Backhoe Feet

/ Backhoe Feet #1  

3RRL

Super Member
Joined
Oct 20, 2005
Messages
6,931
Location
Foothills of the Giant Sequoia's, California
Tractor
55HP 4WD KAMA 554 and 4 x 4 Jinma 284
Being that my Nardi Backhoe is mounted kinda tall on the big Kama, the stabilizer legs could stand to go down farther. On uneven ground they don't give good enough support 'cause they're too short. So I decided to cut off the feet to make them taller.:confused:





 
/ Backhoe Feet
  • Thread Starter
#2  
I've been so darn busy I hadn't really thought everything through. I'm just going to put some spacers in between the pivots and the feet and see how that works.

I milled off the feet so they were flat again. (flat feet for more height :confused: )



Then squared up some 3/4" thick plates to use as the spacers.
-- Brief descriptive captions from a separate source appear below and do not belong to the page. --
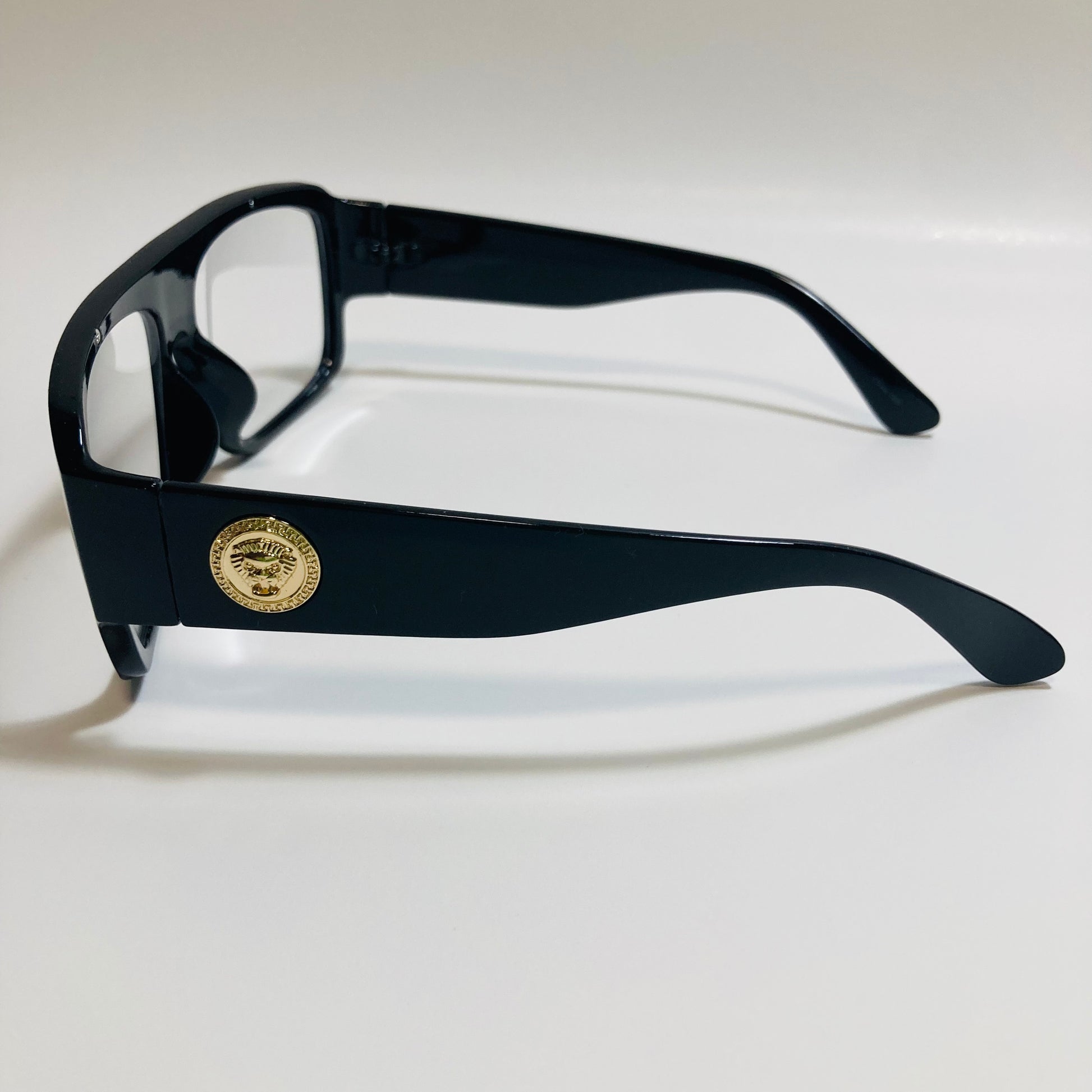 mens and womens black square italian fake glasses 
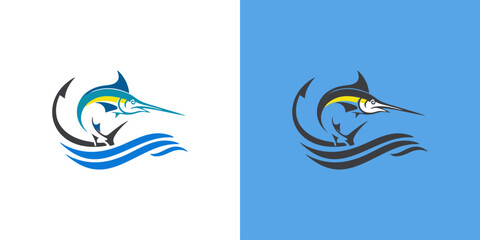 Marlin Fish Jumping Out of Ocean Waves Simple Fishing Logo. Marlin and wave Vector Icon .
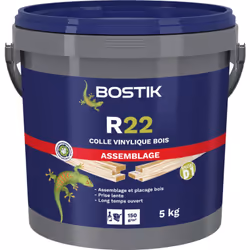 Description générale Colle vinylique R22 Bostik de 5 kg, idéale pour l'assemblage et le placage de toutes essences de bois. C ...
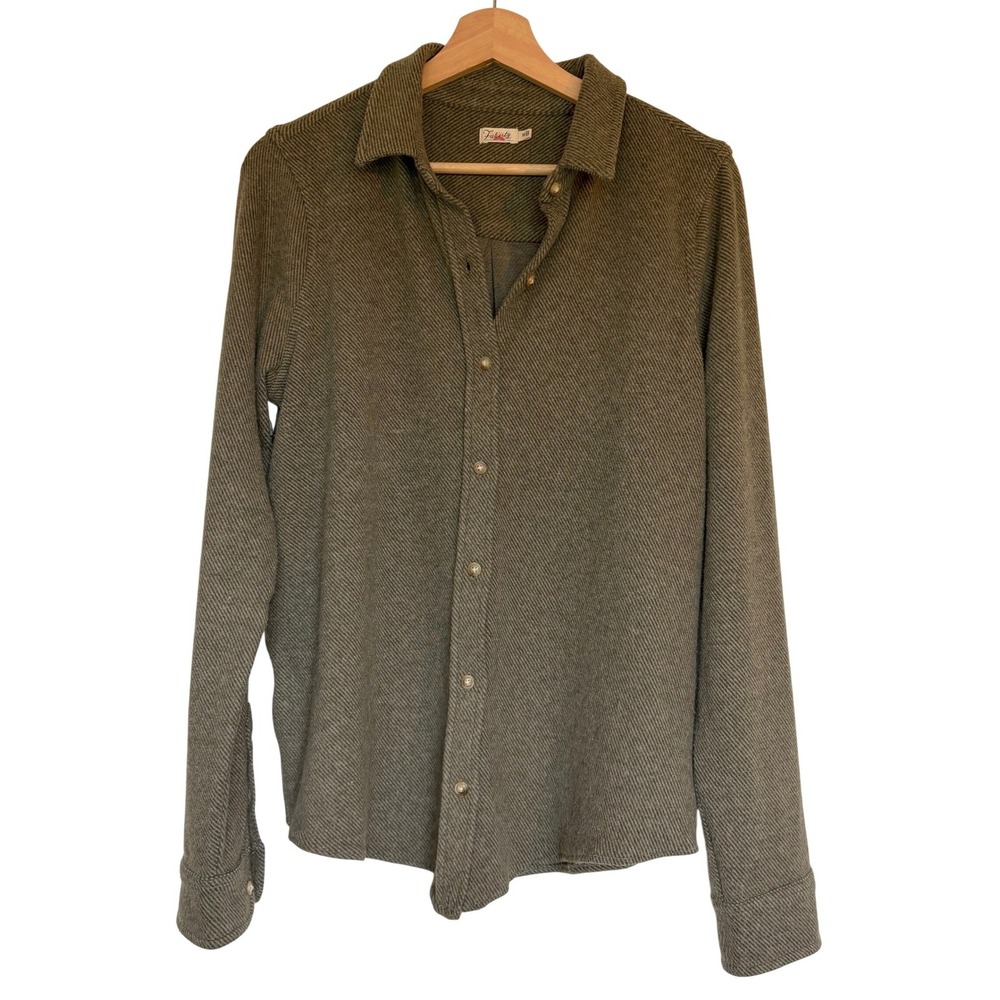 Faherty Womens Legend Sweater Shirt in Olive Twill Flannel Shacket M - Read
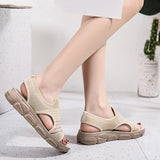 Women Summer Daily Knitted Fabric Chunky Sole Sandals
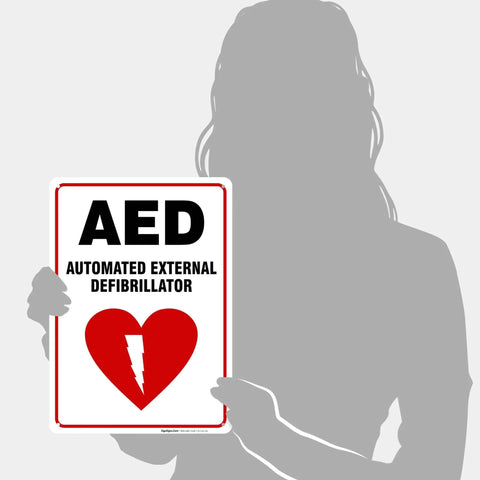 AED Sign For Automated External Defibrillator 10 By 14 Inches 55 Mil Thick HDPS High Density Polystyrene Red Heart Graphic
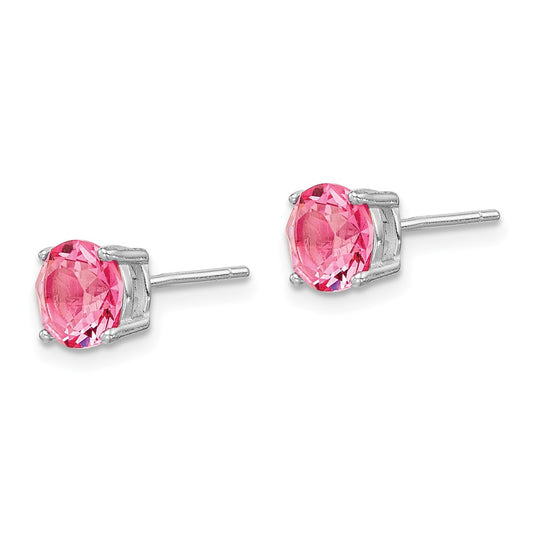 Rhodium-plated Sterling Silver Pink Crystal Birthstone Earrings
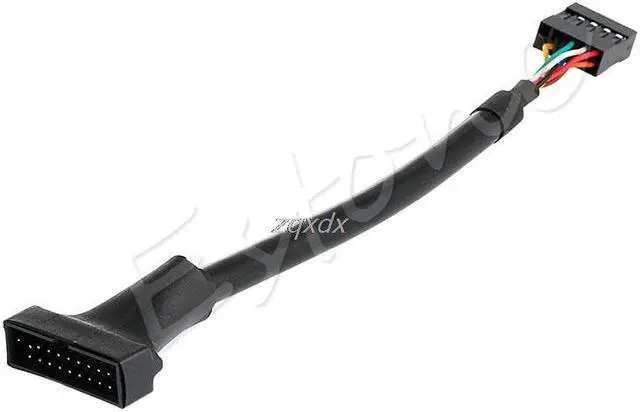 Alt view image 4 of 6 - 19/20 Pin USB 3.0 Female To 9 Pin USB 2.0 Male Motherboard Header Adapter Cord Z09
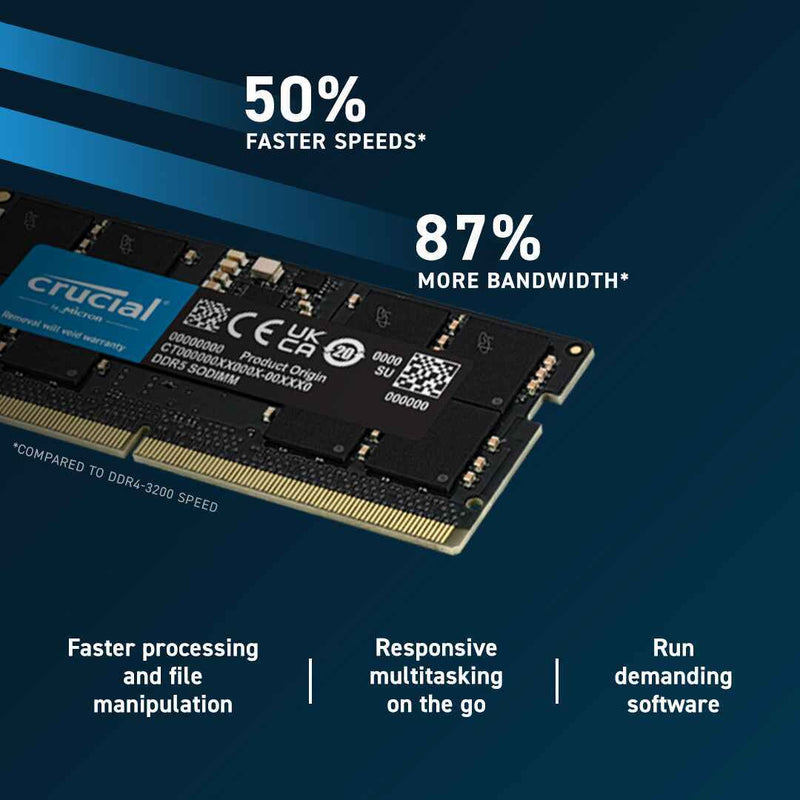 Crucial DDR5 SODIMM 48GB (1x48GB) DDR5 5600MHz CT48G56C46S5 Memory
They are 4" tall, but I figure I lost some from the OEM parts when I sawed and milled the feet and pivot parts. Net gain should be about 3-1/2" or so.
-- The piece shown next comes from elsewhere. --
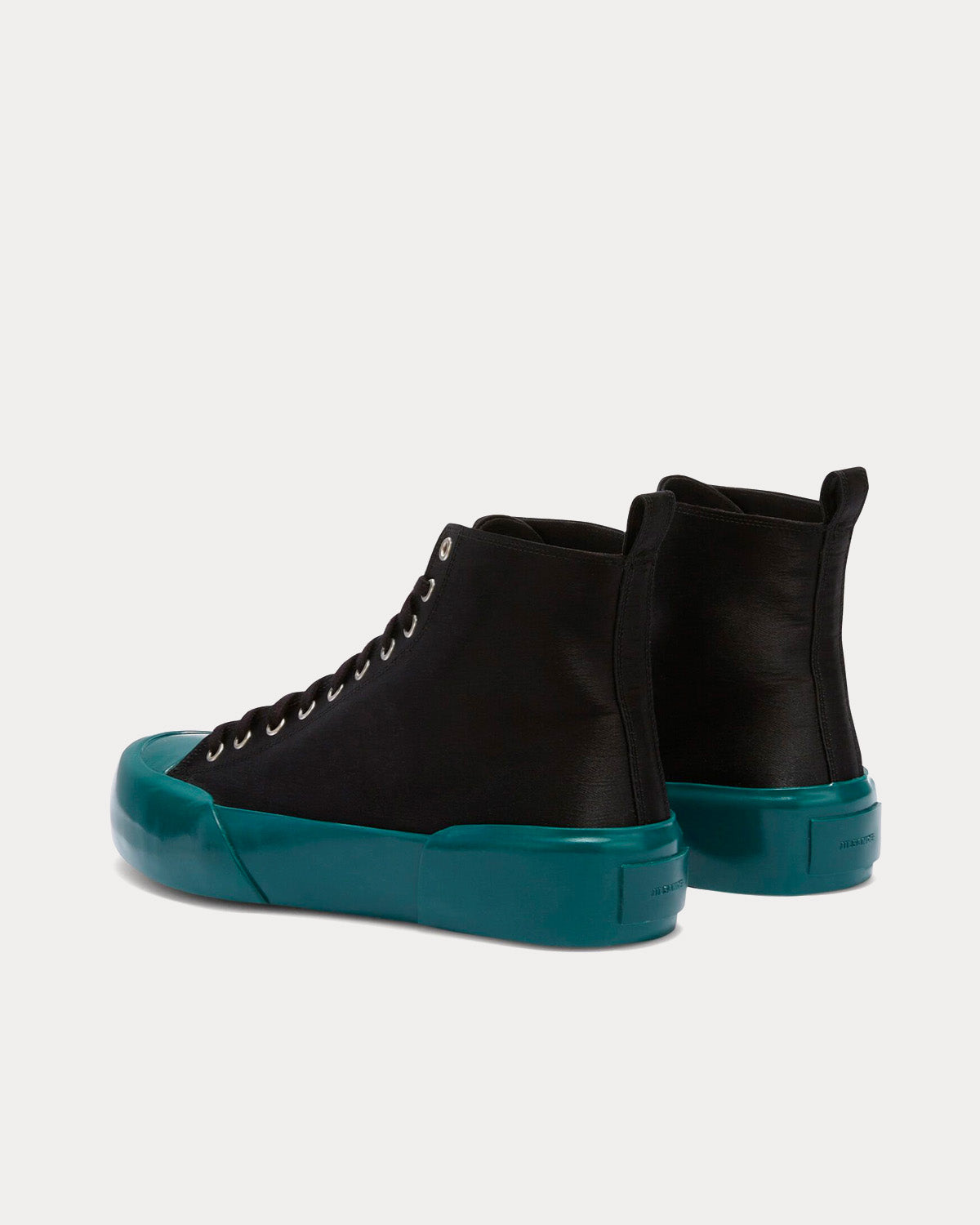 Jil Sander - Vulcanised Rubber & Canvas Black / Turquoise High Top Sneakers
That's all for now. I was trying to think up a more elaborate mod like making the feet self-leveling? But this one is pretty straight forward, huh? Better keep it simple for now. Tomorrow, if I have time, I'll mill the pivot parts flat and weld them all together and see what that looks like. Maybe I should drill another pivot location in case I want to move them lower again? What do you think
 
/ Backhoe Feet #3  
Rob - I'm going to start keeping metrics on how much of your tractor is custom vs. stock. You're probably at 30% custom so far - I'll bet in 5 years you'll be 75% and in 10 - 100%... :D :D :D

So, when are you going to turbocharge the thing and chrome the wheels? !:cool: :cool:

PS - I'm very jealous of your fabrication skills. The tent at your property is better outfitted for metal work than my basement...
 
/ Backhoe Feet
  • Thread Starter
#4  
Hazmat,
You are too cool man ... thanks. That is one of the reasons I bought a Chinese tractor in the first place. I knew I would be doing mods like this and the others no matter what kind I got. It gave me a bigger budget for my add-on toys.:) It's almost like my Harleys. I bought them stock and have about twice as much into them with mods and upgrades! Except the stock Harleys are expensive to start with.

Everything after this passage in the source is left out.